The Mental Management Goal-Setting System
Only the super successful ever bother to set personal goals and plan their work.
- Decide exactly what you want.
- Decide when you want it.
- List the pay-value.
- Create a plan.
- Never quit.
Improve Concentration by Running a Mental Program
Winning requires you to develop a consistent mental picture. A mental program is a series of thoughts that when pictured, will trigger the Subconscious to perform the appropriate action. A mental program controls the thought process occupying the Conscious Mind.
- Initiate: just be consistent
- Attitude: picture the feeling of success
- Direction: rehearse success
- Control: center concentration on the most critical part of the action
- Focus: the last thing you picture
How to Develop Skills
- Catch yourself doing something right. Study only your successes, not your failures.
- Train 4-5 days a week. 2-3 is not enough.
- Wherever you are, be all there.
- Rehearse the match day within the training session. Treat every training day as if it had the same importance as the most crucial competition day.

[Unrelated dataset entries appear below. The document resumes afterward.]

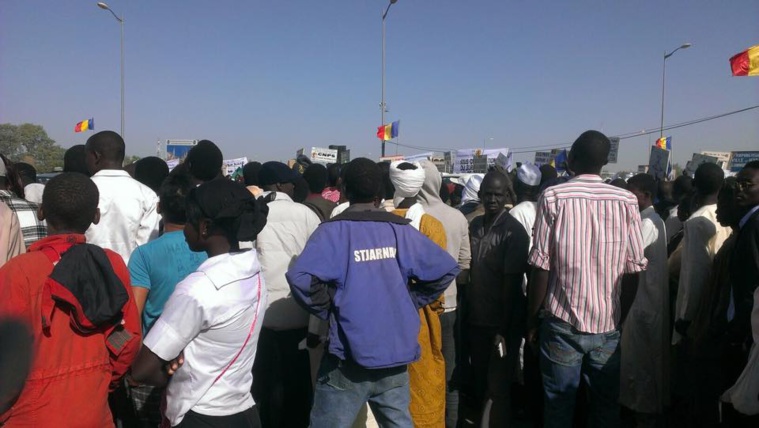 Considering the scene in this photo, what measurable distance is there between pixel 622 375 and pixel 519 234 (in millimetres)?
1607

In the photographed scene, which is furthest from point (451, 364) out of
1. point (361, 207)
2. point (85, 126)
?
point (85, 126)

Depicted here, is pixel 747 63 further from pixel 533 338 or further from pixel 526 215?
pixel 533 338

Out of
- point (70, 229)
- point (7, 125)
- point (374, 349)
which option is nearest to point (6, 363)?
point (70, 229)

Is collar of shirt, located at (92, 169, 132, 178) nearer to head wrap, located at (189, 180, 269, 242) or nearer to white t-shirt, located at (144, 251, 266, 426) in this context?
head wrap, located at (189, 180, 269, 242)

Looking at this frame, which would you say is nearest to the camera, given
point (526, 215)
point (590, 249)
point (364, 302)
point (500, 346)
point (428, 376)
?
point (364, 302)

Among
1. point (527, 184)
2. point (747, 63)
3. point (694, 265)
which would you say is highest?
point (747, 63)

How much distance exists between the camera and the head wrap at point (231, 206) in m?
2.19

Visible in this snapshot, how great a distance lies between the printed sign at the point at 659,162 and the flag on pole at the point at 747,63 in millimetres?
1809

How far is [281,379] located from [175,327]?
6.29ft

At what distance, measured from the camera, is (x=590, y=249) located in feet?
10.0

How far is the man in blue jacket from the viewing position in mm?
2480

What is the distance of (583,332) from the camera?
10.0 ft

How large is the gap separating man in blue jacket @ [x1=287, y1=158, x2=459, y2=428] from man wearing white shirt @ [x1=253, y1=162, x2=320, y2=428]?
1062 mm

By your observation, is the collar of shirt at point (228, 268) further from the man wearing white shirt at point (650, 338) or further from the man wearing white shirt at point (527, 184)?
the man wearing white shirt at point (650, 338)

- When you are shooting well, shoot a lot. If you are having a bad day, stop training. Do not practice losing.
- We raise or lower ourselves to the standard we are around. Train with people who are better than you and you will get better.
- Make a bet with yourself, when you win it, pay off.
- Keep a performance journal or diary. In it, record your schedule, diary, solution ideas, successes, and goals.
- Use your journal to document and track your training program.
Building a Powerful Self-Image
- Remember to run a mental program and record successes in your journal.
- The Directive Affirmation is the most powerful tool for changing your Self-Image. The Directive Affirmation is a paragraph written in the first person present tense that describes a goal, a plan, and habits and attitudes required to achieve the goal. Write it down on index cards, placed in prominent places around your home and work. Rehearse it every time for 21 days and rest for 9 days.
- Constantly promote and praise others, your coaches, teammates, and colleagues.
Seven Strategies of the Mentally Tough
- The Principle of Transportation: transport the habits and attitudes you need to perform at the higher level and adopt them today.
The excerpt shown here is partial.